What is being asked:
Only an exact copy of the records, from the line with "challenging charan rocking" through the last line, is wanted.

START Information shown

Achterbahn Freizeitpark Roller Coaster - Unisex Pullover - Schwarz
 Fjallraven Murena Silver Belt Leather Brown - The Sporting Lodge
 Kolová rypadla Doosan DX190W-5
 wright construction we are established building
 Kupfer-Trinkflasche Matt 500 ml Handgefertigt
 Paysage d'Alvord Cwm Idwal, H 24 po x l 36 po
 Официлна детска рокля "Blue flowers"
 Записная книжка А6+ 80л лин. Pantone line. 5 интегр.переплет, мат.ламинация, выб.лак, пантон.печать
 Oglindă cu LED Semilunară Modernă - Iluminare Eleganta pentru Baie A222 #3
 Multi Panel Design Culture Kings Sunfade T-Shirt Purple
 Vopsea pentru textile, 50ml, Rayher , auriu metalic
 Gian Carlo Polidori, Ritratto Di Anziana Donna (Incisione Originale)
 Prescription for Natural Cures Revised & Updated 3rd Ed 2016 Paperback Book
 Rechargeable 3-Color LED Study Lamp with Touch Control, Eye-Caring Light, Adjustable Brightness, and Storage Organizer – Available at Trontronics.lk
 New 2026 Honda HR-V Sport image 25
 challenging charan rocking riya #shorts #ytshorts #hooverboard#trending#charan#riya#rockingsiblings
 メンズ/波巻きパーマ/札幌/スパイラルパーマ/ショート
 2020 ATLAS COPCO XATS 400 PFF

END Information shown

Task answer:
 challenging charan rocking riya #shorts #ytshorts #hooverboard#trending#charan#riya#rockingsiblings
 メンズ/波巻きパーマ/札幌/スパイラルパーマ/ショート
 2020 ATLAS COPCO XATS 400 PFF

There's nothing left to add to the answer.